Cold November an intimate creation


COLD 5

Cold November is the refreshing tale of a rural matriarchal family and their history with the custom of modern-day hunting. The story revolves around adolescent Florence (Bijou Abas) and is as much a coming of age tale as it is a cultural study. There is hardship, there is family, but most of all, there is just a calming growth that the film flows through.

There are some movies you forget are films and Cold November is one of them. It is so nostalgically indie that it doesn’t seem like a film, more like a documentary. The picture’s use of the camera is like a ghost has come back to watch this family grown and decided to film it. There is a lot of natural light. The settings are steeped in authenticity and life. The wardrobes are plain and unpretentious.  

While hunting may be the focus, and the focus on Florence getting her first animal, it is the idiom of connecting to the earth is the strongest trope in this film. The land, what you take from it, and who you are when you do so, is poignant. Florence’s transition into womanhood is handled with grace and tact and reflects not only the change she is goinga6a132da2025342af88521de875ecfe8_original through but part of the world in which she lives when she lives in it. This isn’t a macho ‘what can you kill’ story, rather, a ‘why do we kill’ fable about families who have hunted for generations and what the animals they have killed offer them.

The trees, the tree-stand, the snow, and water…such a strong environmental representation in something whose sole point it hunting. Yes, trucks and chainsaws and ATV’s are prevalent, but they are functional. There are no big jumps or muscles bulging whilst trees are being felled. There is a biological connection in Cold November, a very nurturing one. I can see why director and writer Karl Jacob wanted to tell this story. It resonates as if it is something very intimate to him. 

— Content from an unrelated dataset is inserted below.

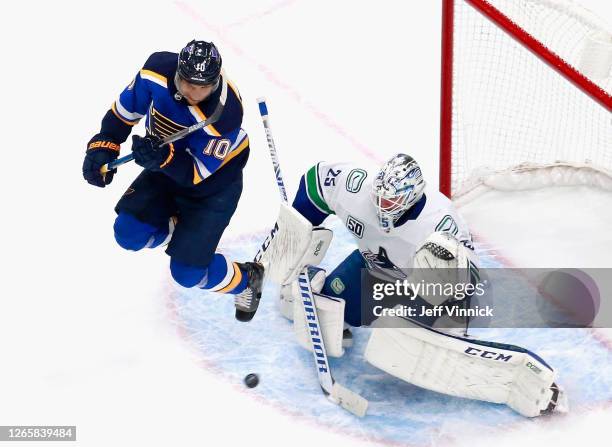 Brayden Schenn of the St. Louis Blues jumps to screen Jacob Markstrom of the Vancouver Canucks during the second period in Game One of the Western...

As for any political angle taken during the filming of this work, I’ll quote Jacob himself:

“I never intended the film to take a political stance, but I definitely realize its political importance. I personally value the tradition of living off the land, which my immediate family has done and continues to do to an extent. It’s what got my grandparents through the Great Depression. Guns play an important role as a tool in that lifestyle, which perhaps has not been portrayed that much, if at all, in popular media.

I think I am a bit of an anomaly as a predominantly liberal, urban-living vegetarian who values the importance of gun ownership.”

One scene in specific embodies this whole film: It is a static landscape shot of a tree bind. Florence, with the help of her mom (Anna Klemp),  is pulling her gun up a rope into the structure and is preparing to hunker down and wait for any possible prey. There is a glorious piano accompaniment while the two women work towards the same goal. If I were to cut a trailer for this film, it would be this moment. Picturesque and simplistic, the natural movement of the scene says so much. It breathes ritual. It is sober in its reticence.